O texto destaca que essas novas ações dos EUA, somadas a mais de seis décadas de estrangulamento econômico pelo imperialismo, estão causando impactos severos em setores como economia, transporte, saúde, turismo e educação, entre outros, com risco concreto de crise humanitária.
Nesse contexto, entendemos que a Petrobras, como empresa brasileira estratégica e historicamente comprometida com o desenvolvimento e a soberania energética, pode desempenhar um papel relevante em uma iniciativa humanitária, contribuindo para mitigar os efeitos da crise e preservar vidas, afirma a carta.
Consideramos essencial, acrescenta o documento, abrir imediatamente um diálogo para avaliar possíveis alternativas, dentro dos atuais marcos legais e institucionais, que permitam ao Brasil agir em solidariedade diante da situação apresentada.
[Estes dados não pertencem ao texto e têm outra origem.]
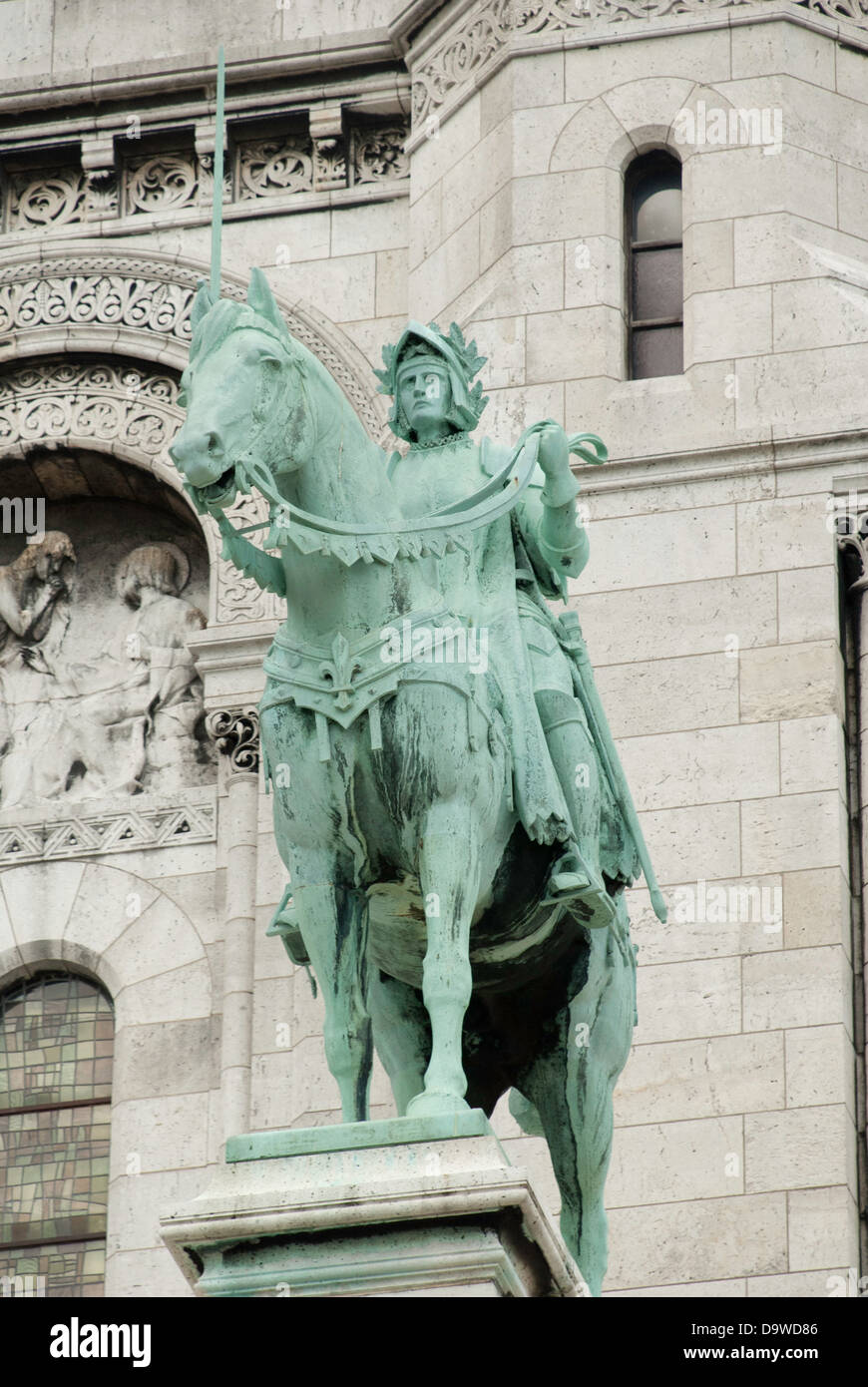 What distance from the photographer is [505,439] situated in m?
17.9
O texto observa que a Suprema Corte dos EUA recentemente pôs fim aos chamados “aumentos tarifários” impostos por Donald Trump, o que abre uma janela estratégica para o Brasil reavaliar seus fluxos de comércio de energia sem o ônus adicional de barreiras indiretas nas cadeias de suprimentos globais.
Diante disso, a possibilidade de enviar petróleo brasileiro para Cuba torna-se ainda mais justificada tanto do ponto de vista econômico quanto humanitário.
Sustentamos que o Brasil e a Petrobras não devem se submeter ao imperialismo estadunidense e precisam fornecer petróleo brasileiro à ilha como um ato humanitário e em solidariedade com a América Latina, também pelas seguintes razões, enfatizaram as organizações e movimentos que assinaram a carta.
Além disso, mencionaram fatos como o de que o consumo de petróleo cubano em um ano equivale a apenas seis dias da produção da Petrobras e que a cooperação econômica entre os povos da América Latina é um princípio constitucional no Brasil.
Não podemos aceitar que o bloqueio imperialista utilize a energia como arma de guerra, acrescenta a carta, destacando ainda que Cuba é um dos países que mais apoiam essa causa no mundo, como demonstram as suas missões médicas.
Diante do exposto, a carta solicita urgentemente que o Brasil e a Petrobras liderem um esforço de assistência humanitária e energética na América Latina, incluindo o fornecimento de combustíveis, medicamentos, alimentos e apoio a projetos de transição para o uso de energia fotovoltaica na ilha.